演出・脚本の鈴木勝秀さんから、玄野について「こう演じてほしい」という要望はありましたか?
「もっとダサい感じを出していいよ」とは言われました。でもスズカツさんは、好きなように、自由に表現してみてねというスタンスの方で。稽古中の指示はあまりないんです。だから、僕も毎回自分なりにいろんな表現に挑戦しています。すごく面白いし、いい経験をさせていただいているなと思います。
百名さんのなかで玄野をどう表現するか、定まってきましたか?
ちょっとずつ見つかってきましたが、ちゃんと定まるのはこれからかなと思っています(※取材が行われたのは1月初旬)。物語のなかで玄野が一番変化していくキャラクターなので、その成長過程を見せたいですし、無慈悲さに翻弄される玄野を楽しみたいです。原作の内容すべてを舞台で表現することはできないけれど、全30巻で描かれる玄野の変化や成長を踏まえて演じるのでは、見え方が違うと思うのでそこは意識しているところです。

1回3時間で終わらせる集中型…濃密な稽古の裏側

稽古はどのように進められていますか?
スズカツさんの稽古は集中型で、稽古時間が3時間と決まっていたら、3時間で本番のように1回やって終わらせるという感じなんです。すごい集中力を使いますが、そのぶんモチベーションも上がって…とてもいい現場です。
1回で集中してやる…濃密な稽古なのですね。
玄野は舞台に出っぱなしですし、「ああ、芝居をやっているな」と感じて、充実感のある日々を送っています。
アクションシーンも気になるところですが、こちらはいかがですか?
僕も最初はどうなるのかな? と気になっていました。はじめてアクションに挑戦するのも新鮮で、稽古をしてみてアクションも芝居なんだと感じました。ひとつひとつの動きにも動機づけがあって、それを意識するかしないかで見え方がまったく違う。そういうことをアクション指導の30-DELUXさんに教えてもらいました。
アクションは、はじめての経験なのですね。
はい。殺陣はやったことはあるのですが…。振付ではないので。芝居としてやる難しさもありますし、もう毎日筋肉痛です(笑)。
(笑)。やってみて、大変さを感じている?
殴ったり蹴ったりで、全身を使うのでかなりハード(笑)。それに、アクションに慣れていないからムダに力んでいるんですよね。Xガン(※星人を倒すため、ガンツから支給される銃)も使いますが、思っている以上に肉弾戦が多くて。

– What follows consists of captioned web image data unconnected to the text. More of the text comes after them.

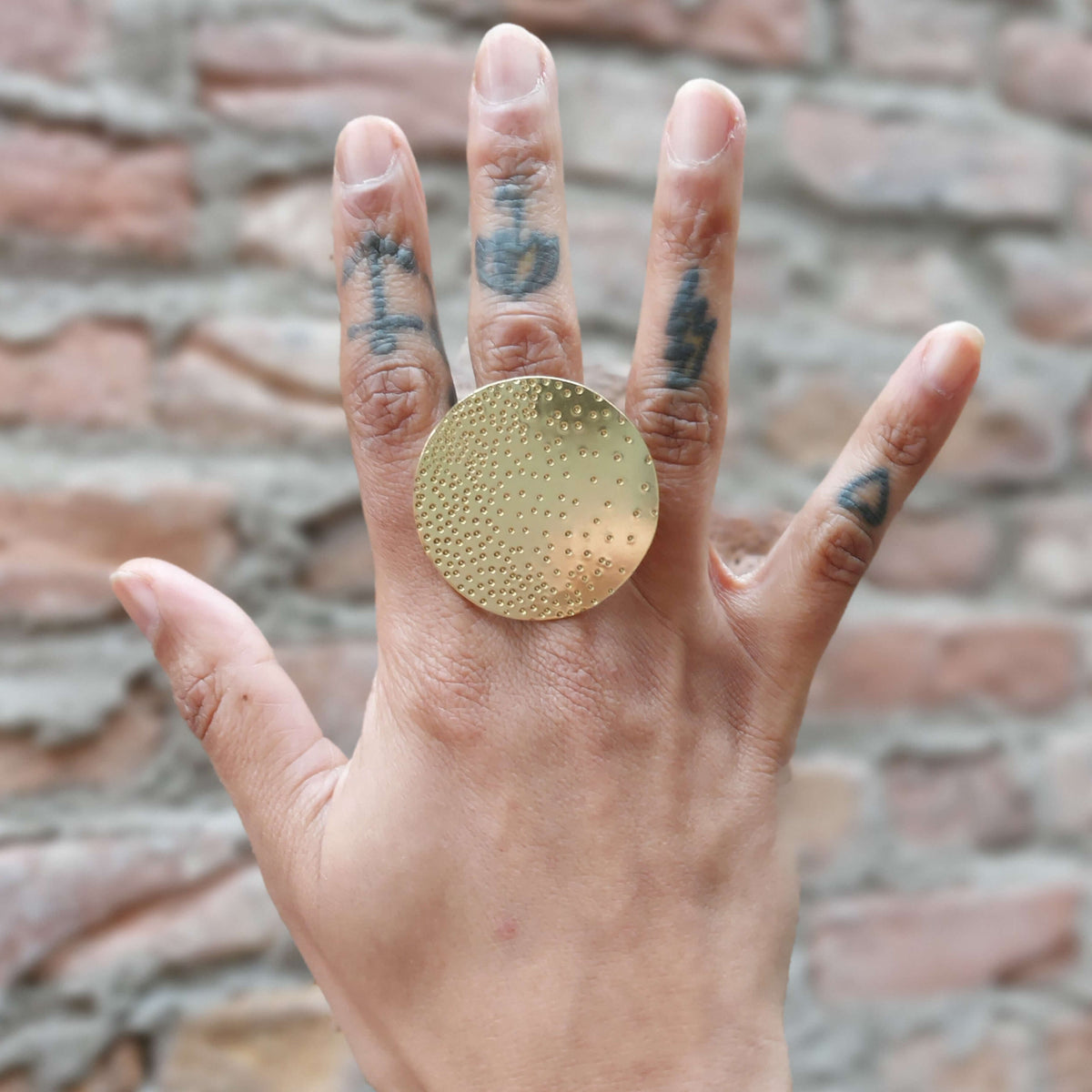 modern xl brass ring, copper disc with tiny hammered dots. Adjustable ring, made by roff jewellery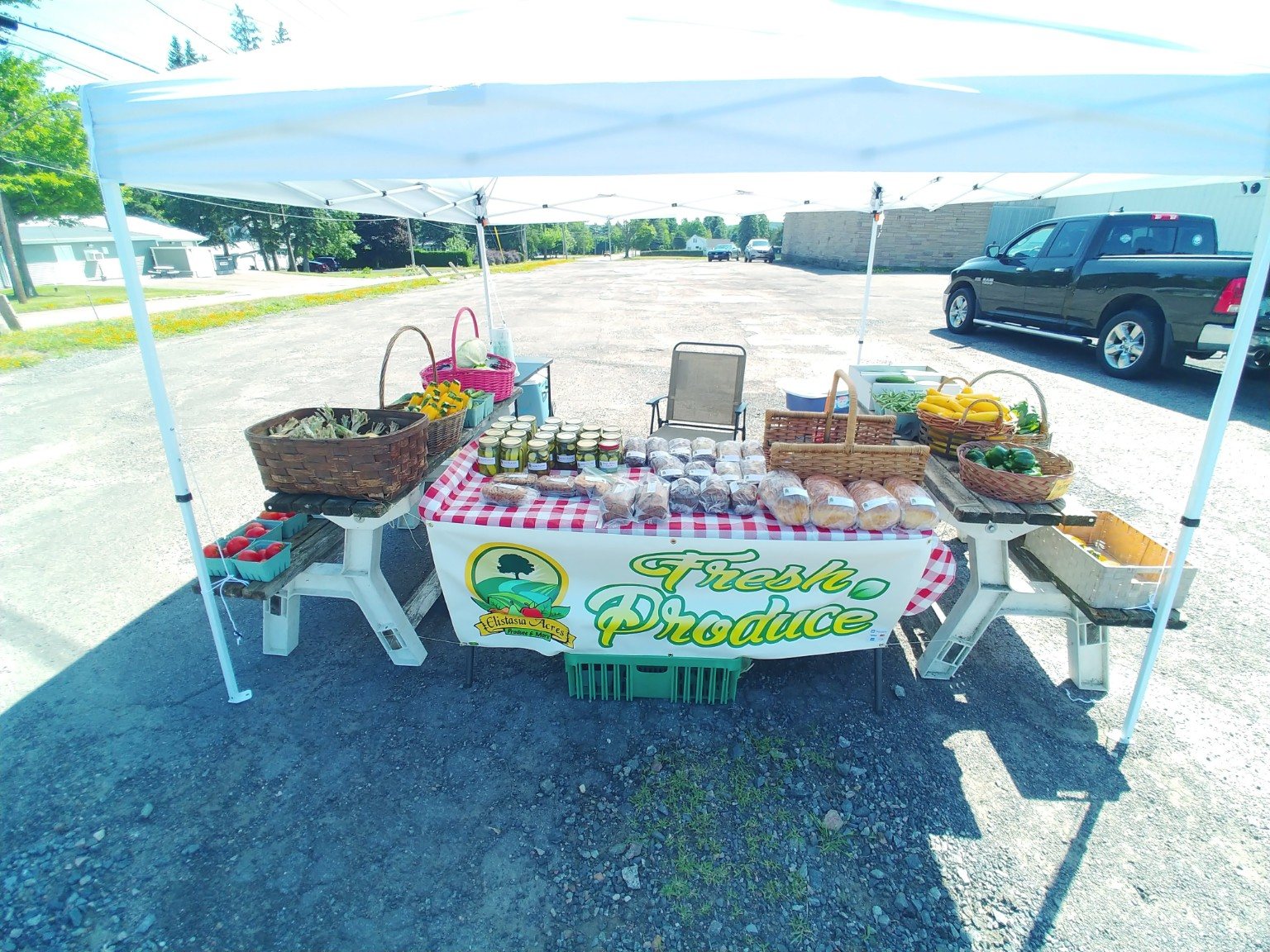 Fresh produce, baked goods, and preserves displayed under the farm-stand canopy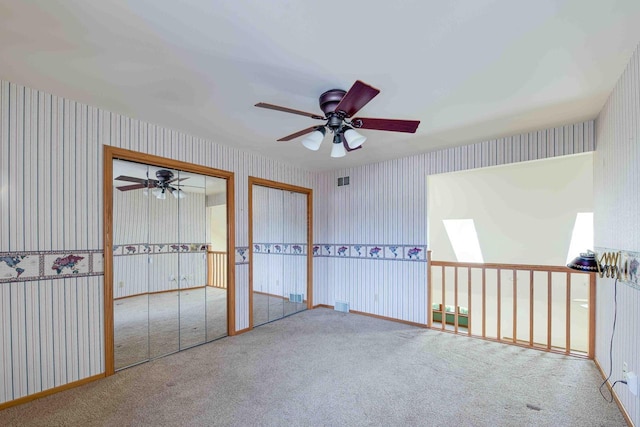 8200 43rd Ave, Kenosha, WI 53142 - unfurnished room featuring wallpapered walls, a ceiling fan, and carpet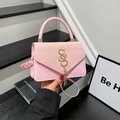 Rosa Handtasche mit Webstruktur, goldenem Logo und Quaste auf modernem Hintergrund - Rosa
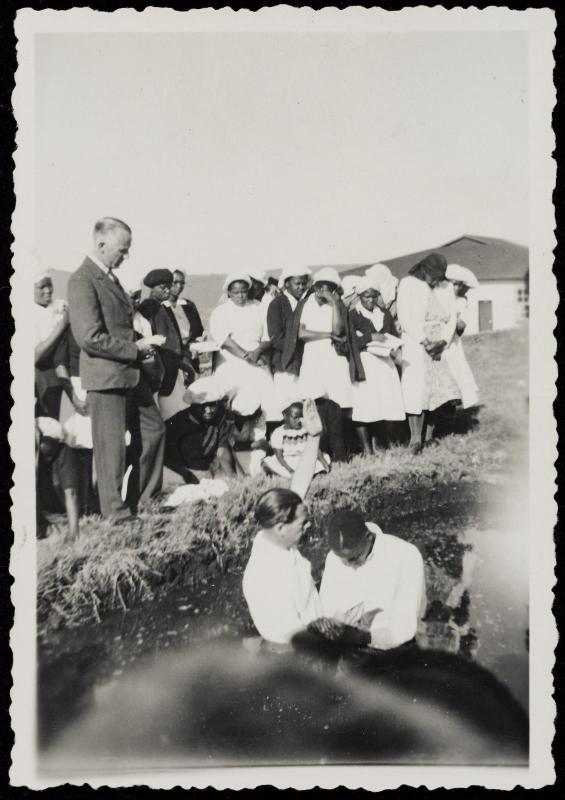 Scene of baptism with onlookers on shore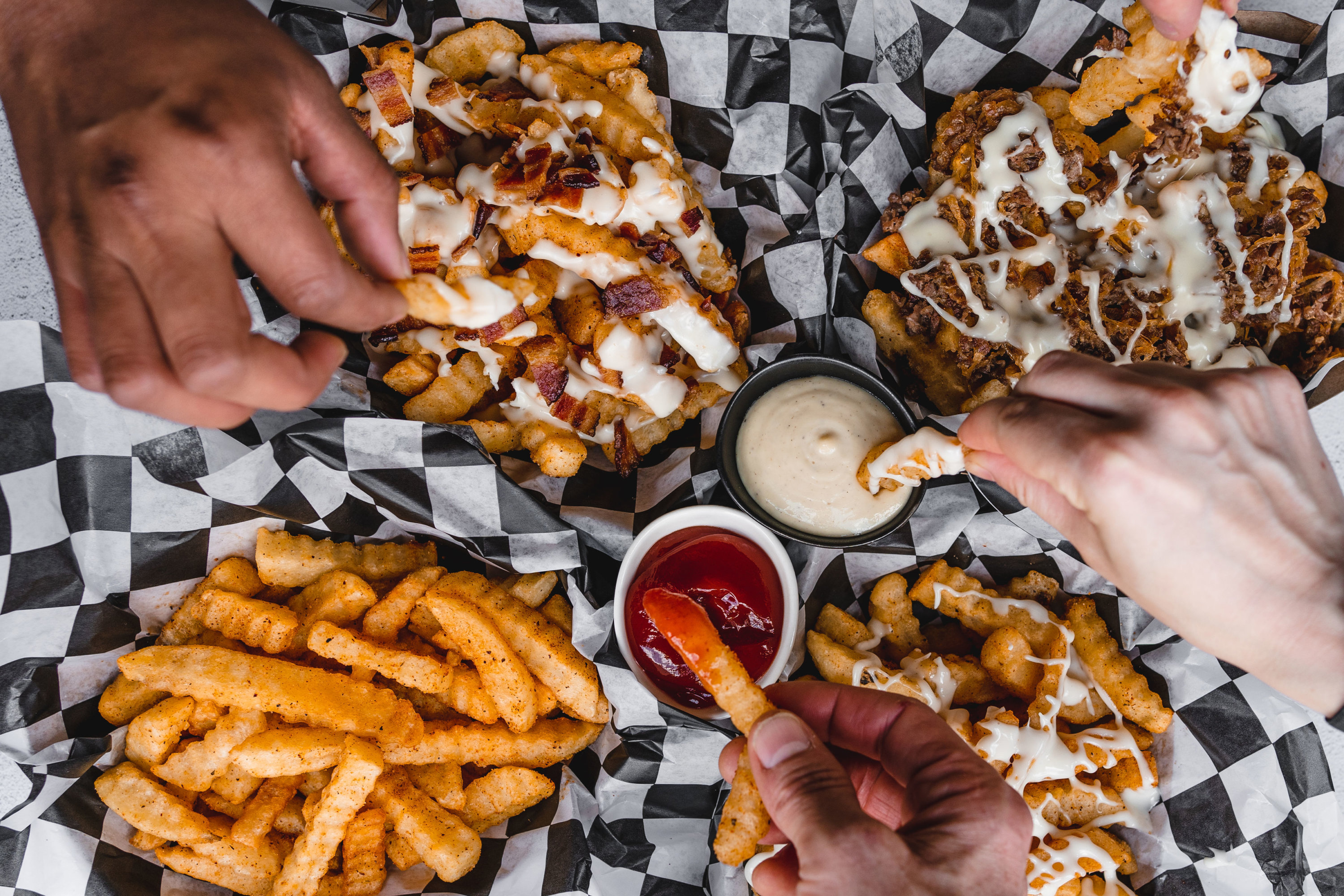 Loaded fries topped with cheese. Photo by Leah Judson.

よりアツいバトルシーンになっているので、お客さんにもそのパワーが伝わると思います。
そういった肉弾戦やバトルシーンは、生の舞台だとよりリアルに見えますよね。
そうですよね。見た方にも「おおっ!」って感じてもらえると思います。殴られ続ける、ねぎ星人は大変ですが…(笑)。
加藤役の高橋健介さんにもインタビューさせていただいていますが、高橋さんが「ねぎ星人のアクションがスゴい」と話していました。
ねぎ星人役の竹之内(景樹)さんと、川口(莉奈)さんはすごくマジメな方なので、練習をしながら「ここは百名さんにこうやってもらったほうが、玄野らしいアクションに見えると思います」と話し合うこともあります。この前、メイクをした姿を見たのですが、超、“ねぎ星人”でした(笑)。原作ファンの方はそこも楽しみにしていてほしいです。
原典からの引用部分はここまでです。